01 Ocak 2010 00:00
DURUM
Bugün yeni yılın ilk günü. Bir yılı geride bıraktık, yeni bir yıla başlıyoruz.
Bugün yeni yılın ilk günü. Bir yılı geride bıraktık, yeni bir yıla başlıyoruz. Hayli çalkantılı ve hareketli bir yıl geride kalırken, bu ülkede yaşayan, az çok gelişmeleri takip eden hemen her vatandaş, varolan tüm sorunların, üzerlerine yenilerinin de eklenerek bu yıla devredildiğini çok iyi biliyor. Yılın son günleri de toz duman içerisinde geçti. Kriz, darbe, çete, suikast, kontrgerilla, parti kapatma tartışmaları arasında, TEKEL işçilerinin kararlı eylemi ve bu eyleme verilen emekçi desteği, ülkenin siyasi gericilik tarafından bir hayli zehirlenmiş havasının nasıl temizlenebileceğini de gösterir gibiydi.
Yılın son günlerinde Seferberlik Tetkik Kurulunda, Başbakan Yardımcısı Bülent Arınça yönelik suikast iddiaları ile bağlantılı olarak başlatılan arama, ülkenin karanlık tarihinin yeniden hatırlanmasına neden olurken, bugünde benzer sorunları yaşayan ülkenin durumu gözler önüne serildi. Arama vesilesiyle geçmişteki kontrgerilla eylemleri; kitle katliamları, faili meçhul cinayetler, kanlı provokasyonlar vb. tek tek hatırlanırken, demokrasi güçlerince bu karanlık eylemlerin belgelerinin, sorumlularının da ortaya çıkarılması talep edildi. Ancak AKP Hükümeti son bir yılla ve Arınç olayı ile sınırlı bir araştırma istemekte. Yani karanlık devam etsin, ama hükümetin pozisyonunu güçlendirecek bir sonuç ortaya çıksın. Hükümetin istediği bu.
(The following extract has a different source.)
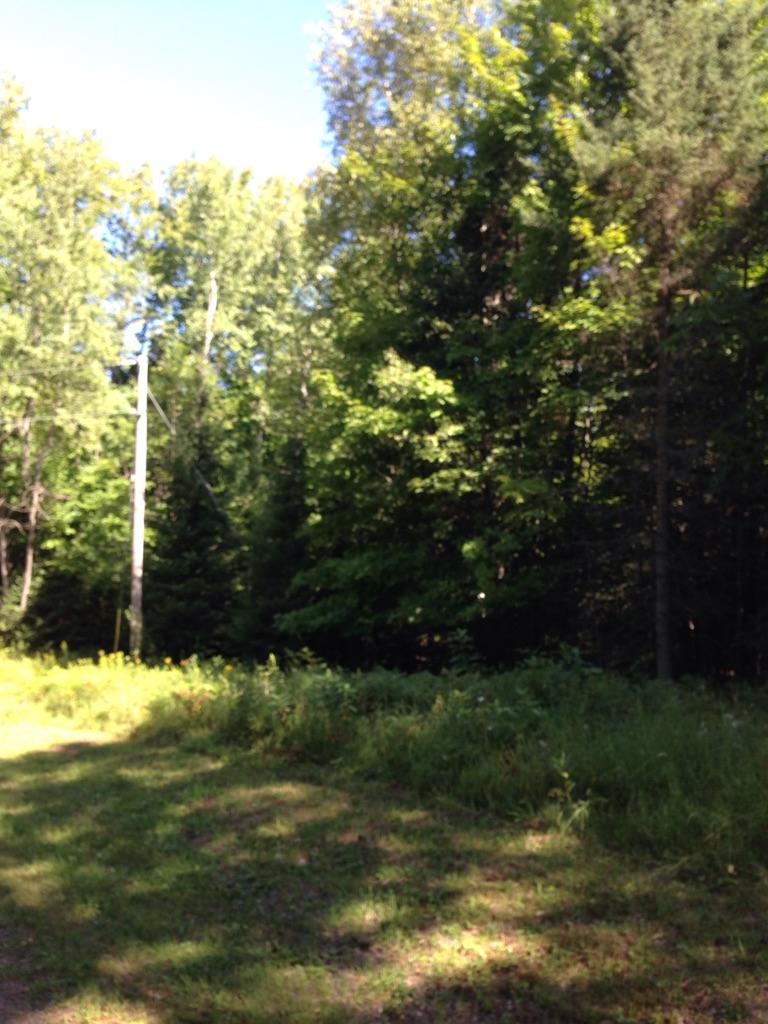 On Mueller Lane Presque Isle, WI 54557 - Photo 4 of 10 Gallery Image 4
Bugünkü koşullarda daha fazlası olanaklı mı? Biliniyor ki, bunun olanaklı olabilmesi için, demokrasi ve politik özgürlükler talep eden güçlü bir işçi, emekçi hareketinin varolması gerekiyor. Üst sınıflar arasında süren, kavga, uzlaşma, tepişmeler şeklinde devam eden çatışma ve gerilimler, emekçi halka kullanabileceği geniş bir alan açtığı gibi, pek çok da malzeme veriyor. Ancak yaygın ekonomik taleplerin yanı sıra, politik demokrasinin talepleriyle ilerleyen bir emekçi hareketinin, politikayı üst sınıflar arasındaki çıkar çekişmelerinin, halkın yedeklenmesinin aracı olmaktan çıkarıp, emekçi halkın temel taleplerinin ve çıkarlarının savunulmasının konusu haline getirebileceği gerçeği de kabul edilmeli.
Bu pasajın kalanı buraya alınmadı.